THE TASK: In the entries below, some lines contain "para"; work out how many and answer with the figure only.

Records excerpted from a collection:
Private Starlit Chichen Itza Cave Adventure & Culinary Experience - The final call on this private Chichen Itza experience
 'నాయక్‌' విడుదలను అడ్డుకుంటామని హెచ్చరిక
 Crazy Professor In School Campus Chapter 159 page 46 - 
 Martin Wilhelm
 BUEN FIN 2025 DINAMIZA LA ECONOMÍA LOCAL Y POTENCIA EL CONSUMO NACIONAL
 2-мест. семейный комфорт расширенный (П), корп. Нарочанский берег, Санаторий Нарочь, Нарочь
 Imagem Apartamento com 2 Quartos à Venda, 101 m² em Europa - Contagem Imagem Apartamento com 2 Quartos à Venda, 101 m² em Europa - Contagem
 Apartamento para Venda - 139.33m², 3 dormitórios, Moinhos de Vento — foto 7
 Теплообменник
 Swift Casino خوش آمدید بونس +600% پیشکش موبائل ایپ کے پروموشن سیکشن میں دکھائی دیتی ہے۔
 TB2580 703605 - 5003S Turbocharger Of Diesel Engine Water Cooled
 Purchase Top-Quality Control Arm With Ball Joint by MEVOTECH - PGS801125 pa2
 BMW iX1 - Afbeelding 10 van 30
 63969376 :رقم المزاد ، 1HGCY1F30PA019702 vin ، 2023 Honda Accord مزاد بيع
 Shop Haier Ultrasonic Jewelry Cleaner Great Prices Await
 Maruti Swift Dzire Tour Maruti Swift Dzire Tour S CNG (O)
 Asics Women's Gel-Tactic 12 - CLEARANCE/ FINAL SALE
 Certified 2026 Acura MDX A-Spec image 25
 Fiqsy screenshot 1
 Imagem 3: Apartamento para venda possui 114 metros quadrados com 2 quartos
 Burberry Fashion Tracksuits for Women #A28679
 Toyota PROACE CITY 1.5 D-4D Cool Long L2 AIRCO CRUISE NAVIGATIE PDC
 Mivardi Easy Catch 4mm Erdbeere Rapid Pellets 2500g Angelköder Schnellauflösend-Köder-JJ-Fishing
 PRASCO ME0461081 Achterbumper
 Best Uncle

SOLUTION TO THIS TASK: 2